Mr. Murphy and a team of editors met with Dean Baquet, the executive editor of The Times, to discuss the scope of the project, and they committed to a multipart series that explores the new metal rush.
Dionne Searcey, a Times reporter, and Ashley Gilbertson, a photographer and frequent contributor to The Times, spent three weeks in Congo this year, charting the departure of U.S. companies, inroads made by Chinese megaminers and the villagers who have dug up the earth beneath their homes looking for scraps of cobalt. With reporting from Mr. Lipton and Michael Forsythe of the Investigations desk, they documented the web of miners, politicians and opportunists jockeying for control of the economic engine of the poor African nation.
“We’re finding that mining, as we all know, isn’t necessarily clean,” Mr. Murphy said. Often, in practice, producing green vehicles means “fueling clean energy with a dirty industry,” he said.
Days after The Times published a report on allegations of corruption against a Congolese mining chairman, he was ousted and replaced.
In August, Clifford Krauss, who covers energy for the Business desk, flew to Bolivia to travel with a swashbuckling Texas entrepreneur who is bidding against larger foreign investors for the right to develop the country’s lithium reserves, found in seas of brine high in the Andes. He was joined by the photographer Meridith Kohut. Lithium will be crucial to the electrical grids of the near future. Mining the metal in Bolivia is weighed down by politics and local groups at odds with the leftist government.
“There are going to be complexities,” Mr. Krauss said, adding, “It’s not as simple as: Put a battery in a car.”
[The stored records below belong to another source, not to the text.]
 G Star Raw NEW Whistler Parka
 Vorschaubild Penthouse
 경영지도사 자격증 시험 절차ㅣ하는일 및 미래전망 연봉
Mr. Krauss planned to report on a conference for Bolivia’s lithium interests, but it was canceled. Earlier in the month, Bolivian protesters had lined roads, successfully stopping officials from entering lithium-processing sites.
The government often assures benefits, such as new roads and jobs, as it tries to mine lithium in Potosí Province in the country’s southern highlands. But citizens are skeptical of any real change. “Politicians come, they make their promises,” Mr. Krauss said. “And then what happens?”
As the angling to dominate the new industries continues, the Race to the Future series will keep following the arc of the transition, reporting on the power struggles and tensions of a remade economic order. The team will publish more articles in the coming weeks, including about a campaign to mine for electric battery metals on tribal lands in the American West.
It is an area of coverage ripe for all of journalism for “many years to come,” Mr. Murphy said. “We’re in the middle of it, we really are, and there is so much more to investigate, explain and share with our readers.”